Christmas season is both exhilarating and exhausting. Just when you thought all your Christmas cards have been sent, your mail is full of more people's holiday wishes and these folk were not on your list this year, were they? Better make out those "Happy Holidays" cards and wish them a Happy New Year.
New York City is glistening on the surface but sizzling with last-minute season's jitters underneath. Today was just a swirl of mailing out what I thought, at least, was the last of cards and packages. I very much looked forward to getting together with my friends Kathy, Nick and Richard Skipper at The Salvatones concert at St. Peter's historic church down near the World Trade Center site.
Sometimes I feel like I don't get low enough in Manhattan. Seriously, all the good, bohemian, arty stuff is down there below Canal. Including tonight's choral concert in a Roman Catholic Church. Quite respectable and, yet, with a distinctly very-downtown air about it all.
I knew St Peter's was a Catholic church because, before you can enter, you have to do the penance of climbing the long, steep cement stairs. Mia culpa! And thank God for handrails.
I arrived, after cocktails, with my friend Nick Lion. (We doubted they'd be serving drinks at the church -- and we were correct in our presumption). We joined my longtime friend, Kathy, and her mother (who survived WWII in Germany to come to the States) in a pew near the front of the church. Kathy and her mom are such a cute team, they deserve their own reality tv series.
The Salvatones performance was absolutely cathartic for us all. Nick and Kathy lost their mom and dad, respectively, in 2012 and I lost my mother in 2011. The opening songs inspired us to pull out the Kleenexes. A mix of grief and joy, it was the spiritual beauty that connected with us and perhaps our memories of Christmas with loved ones through the years.
I recalled my childhood days of going to church with my Mom, and of the music (along with incense and stained glass windows) that filled my formative life with a kind of erotic/spiritual passion. Bible? Who knew what was in the Bible? I had my Catholic missal (Cliff Notes for Catholics) to explain and interpret it all.
Now, with our groovy, new Pope whose positive presence for change in the world I'm very much enjoying, I felt no guilt in my devotion to the hymns, carols and string orchestra moments (with and without chorus).
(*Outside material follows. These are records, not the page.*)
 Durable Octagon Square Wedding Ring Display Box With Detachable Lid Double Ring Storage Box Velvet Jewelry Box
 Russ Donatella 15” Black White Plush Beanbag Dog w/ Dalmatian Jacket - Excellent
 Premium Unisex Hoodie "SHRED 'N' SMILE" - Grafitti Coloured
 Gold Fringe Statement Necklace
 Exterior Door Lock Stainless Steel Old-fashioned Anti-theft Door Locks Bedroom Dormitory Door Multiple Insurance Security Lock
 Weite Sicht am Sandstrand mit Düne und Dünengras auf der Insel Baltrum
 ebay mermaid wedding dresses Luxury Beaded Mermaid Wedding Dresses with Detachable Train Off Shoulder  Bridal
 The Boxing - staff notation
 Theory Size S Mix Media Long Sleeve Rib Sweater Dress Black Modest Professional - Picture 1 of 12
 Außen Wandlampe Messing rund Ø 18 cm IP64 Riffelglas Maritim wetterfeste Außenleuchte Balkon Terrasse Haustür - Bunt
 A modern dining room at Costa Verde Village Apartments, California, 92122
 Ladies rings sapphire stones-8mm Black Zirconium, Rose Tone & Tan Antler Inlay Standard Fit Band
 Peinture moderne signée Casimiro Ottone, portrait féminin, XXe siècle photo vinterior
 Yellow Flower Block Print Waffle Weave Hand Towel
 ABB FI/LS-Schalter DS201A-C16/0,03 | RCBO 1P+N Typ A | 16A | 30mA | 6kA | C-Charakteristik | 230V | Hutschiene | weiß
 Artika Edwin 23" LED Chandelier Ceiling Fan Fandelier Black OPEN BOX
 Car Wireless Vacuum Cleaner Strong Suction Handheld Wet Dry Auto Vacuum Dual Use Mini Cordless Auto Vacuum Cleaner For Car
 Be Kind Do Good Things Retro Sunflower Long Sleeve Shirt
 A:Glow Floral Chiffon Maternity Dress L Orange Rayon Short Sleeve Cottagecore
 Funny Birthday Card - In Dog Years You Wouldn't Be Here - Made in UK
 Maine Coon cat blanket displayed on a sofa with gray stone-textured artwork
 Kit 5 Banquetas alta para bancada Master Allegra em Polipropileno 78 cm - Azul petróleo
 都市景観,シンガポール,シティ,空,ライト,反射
Oh, those divine violins!
Opening with Handel's "Messiah," and closing with the composer's "Joy to the World" (before an encore of "We Wish You a Merry Christmas"), this dignified and respectful 90-minute performance offered many highlights, like "Carol of the Bells," a joyous "We Three Kings" and a swing arrangement of "God Rest Ye Merry Gentlemen."
Ghosts of Christmas Past, Present and Future filled the cathedral, it seemed, and the audience appeared, overall, to be genuinely moved on a deep, primal level. There is something unusually resplendent about a concert, unplugged and without microphones, where the acoustics are the music and the voices bouncing off cathedral walls, stirring the emotions.
So, blessed are the Salvatones (Sal, loved your solo), the New York Virtuosi (strings), organist/ arranger Stephen Fraser and musical director Daniel Brondel. And thanks and happy holidays to promoter Richard Skipper (who greeted us after the concert) for recommending this beautiful tour de force. Richard invited everyone to dinner at Odeon, Nick invited me to join him and his partner for dinner, but an early morning obligation directed me to hailing a taxi and be homeward bound via the nearby Brooklyn-Battery Tunnel.
As I left St. Peter's (with a $10 Salvatones album on cd in pocket), tripping merrily down the cement steps, it really felt like Christmas had arrived. God bless us, everyone!